After more thinking we’ve included both into 24.04.1 release. Should be in the next Dragonfish nightly build.

4 Likes

Hindsight is always 20/20. This isn’t criticism of anyone, nor iXsystems in general.

I think the lesson is that there’s probably good reason to investigate further when performance issues arise when upgrading from one version to the next, especially when it’s a major kernel version upgrade.

It’s hard for iX staff to reproduce, since a handful of people cannot emulate the different workloads or “eyes” of the community users.

Just as an example, what might alert someone to a problem is they notice their drives are “noisier” than they remember, or their CPU is more “active” than normal. This can be brushed aside by someone else as “Oh, that’s normal. You only noticed it recently.”

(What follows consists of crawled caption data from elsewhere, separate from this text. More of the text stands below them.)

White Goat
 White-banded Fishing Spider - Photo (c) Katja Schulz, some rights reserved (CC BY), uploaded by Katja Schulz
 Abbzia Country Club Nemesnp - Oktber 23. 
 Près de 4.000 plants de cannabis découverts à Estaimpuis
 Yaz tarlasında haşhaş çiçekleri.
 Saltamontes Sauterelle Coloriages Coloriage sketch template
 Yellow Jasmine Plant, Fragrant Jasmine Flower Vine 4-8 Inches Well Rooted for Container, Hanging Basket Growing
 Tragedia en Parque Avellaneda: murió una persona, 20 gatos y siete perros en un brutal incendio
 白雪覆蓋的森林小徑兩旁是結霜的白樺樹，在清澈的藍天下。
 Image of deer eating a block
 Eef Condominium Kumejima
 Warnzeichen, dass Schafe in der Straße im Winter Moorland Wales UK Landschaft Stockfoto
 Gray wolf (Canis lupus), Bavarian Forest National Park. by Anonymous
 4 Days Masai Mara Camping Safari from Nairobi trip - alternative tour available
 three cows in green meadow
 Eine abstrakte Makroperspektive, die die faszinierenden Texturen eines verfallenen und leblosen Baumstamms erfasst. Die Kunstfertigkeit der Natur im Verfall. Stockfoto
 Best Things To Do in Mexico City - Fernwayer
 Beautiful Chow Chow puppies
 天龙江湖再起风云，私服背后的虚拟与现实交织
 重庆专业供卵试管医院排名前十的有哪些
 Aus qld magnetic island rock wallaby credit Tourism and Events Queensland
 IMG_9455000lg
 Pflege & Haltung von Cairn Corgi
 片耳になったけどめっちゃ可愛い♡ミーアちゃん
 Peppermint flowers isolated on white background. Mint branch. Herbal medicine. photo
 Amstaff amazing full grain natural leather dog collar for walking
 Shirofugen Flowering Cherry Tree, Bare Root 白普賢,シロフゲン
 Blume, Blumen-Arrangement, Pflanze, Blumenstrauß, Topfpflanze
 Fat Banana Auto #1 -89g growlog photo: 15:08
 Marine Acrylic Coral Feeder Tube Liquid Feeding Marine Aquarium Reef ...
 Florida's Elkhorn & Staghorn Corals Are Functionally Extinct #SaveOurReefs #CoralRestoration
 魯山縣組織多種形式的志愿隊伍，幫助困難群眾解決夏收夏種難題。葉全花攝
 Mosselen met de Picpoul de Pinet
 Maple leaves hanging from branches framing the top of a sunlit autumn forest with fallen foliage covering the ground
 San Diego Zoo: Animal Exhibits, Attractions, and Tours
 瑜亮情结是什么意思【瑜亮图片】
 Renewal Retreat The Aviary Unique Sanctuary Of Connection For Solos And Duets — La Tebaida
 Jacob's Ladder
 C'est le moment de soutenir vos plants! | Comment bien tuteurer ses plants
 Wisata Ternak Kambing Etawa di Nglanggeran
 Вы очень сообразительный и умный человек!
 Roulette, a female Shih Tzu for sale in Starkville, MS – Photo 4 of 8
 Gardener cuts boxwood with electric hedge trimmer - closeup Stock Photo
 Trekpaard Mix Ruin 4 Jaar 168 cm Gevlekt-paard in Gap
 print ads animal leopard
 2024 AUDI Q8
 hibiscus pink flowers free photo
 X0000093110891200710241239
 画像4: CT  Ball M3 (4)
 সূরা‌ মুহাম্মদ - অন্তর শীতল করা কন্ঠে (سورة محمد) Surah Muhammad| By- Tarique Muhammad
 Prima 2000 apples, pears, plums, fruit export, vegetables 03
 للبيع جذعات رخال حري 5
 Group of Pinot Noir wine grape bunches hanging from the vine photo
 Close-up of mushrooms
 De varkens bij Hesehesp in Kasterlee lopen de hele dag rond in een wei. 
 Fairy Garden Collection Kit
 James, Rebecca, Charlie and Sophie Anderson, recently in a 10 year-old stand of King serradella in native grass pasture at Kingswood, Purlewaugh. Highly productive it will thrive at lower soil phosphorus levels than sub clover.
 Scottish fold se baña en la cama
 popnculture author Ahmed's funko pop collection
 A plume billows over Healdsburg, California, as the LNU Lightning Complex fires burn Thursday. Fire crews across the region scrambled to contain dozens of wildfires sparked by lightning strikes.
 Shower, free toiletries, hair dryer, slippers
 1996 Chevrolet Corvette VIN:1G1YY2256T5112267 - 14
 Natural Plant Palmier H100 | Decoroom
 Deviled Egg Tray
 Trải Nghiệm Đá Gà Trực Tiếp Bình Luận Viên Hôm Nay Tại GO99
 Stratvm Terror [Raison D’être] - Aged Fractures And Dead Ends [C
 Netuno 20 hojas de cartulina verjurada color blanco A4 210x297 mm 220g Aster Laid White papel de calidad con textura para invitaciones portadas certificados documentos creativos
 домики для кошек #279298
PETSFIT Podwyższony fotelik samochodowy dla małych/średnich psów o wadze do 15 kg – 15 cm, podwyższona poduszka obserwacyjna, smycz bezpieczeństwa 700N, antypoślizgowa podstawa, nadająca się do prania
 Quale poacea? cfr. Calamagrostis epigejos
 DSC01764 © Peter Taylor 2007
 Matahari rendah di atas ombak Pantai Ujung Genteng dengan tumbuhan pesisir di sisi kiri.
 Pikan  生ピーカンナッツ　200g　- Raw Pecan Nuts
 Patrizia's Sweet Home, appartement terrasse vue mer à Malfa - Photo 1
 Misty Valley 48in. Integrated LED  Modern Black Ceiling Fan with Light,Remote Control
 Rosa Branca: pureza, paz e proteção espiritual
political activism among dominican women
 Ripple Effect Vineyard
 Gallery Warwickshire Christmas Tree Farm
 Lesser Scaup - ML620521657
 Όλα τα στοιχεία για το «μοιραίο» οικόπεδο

Looking back at these now, it’s likely they were interrelated to the RAM/Swap/ARC/LRU issue that was introduced with the newer Linux kernel.

No one’s a psychic.

It’s just that when someone is “familiar” with the behavior of their own system, it might be a canary in a coalmine for someone with more expertise to investigate further. Especially if there’s a common denominator (such as Dragonfish RC1), and it’s more than just one person reporting it, across different types of systems.

2 Likes

Twenty minutes to import your pools? Must be TrueCharts. At least they didn’t close my ticket on that.

:upside_down_face: ahh yes, constructive criticism can’t be given without destructive criticism I guess.

BTW, my boot disk has cooled down since disabling swap. CPU fan no longer kicks in to cool it down. With the heatsink it was kicking in periodically (as opposed to non-stop)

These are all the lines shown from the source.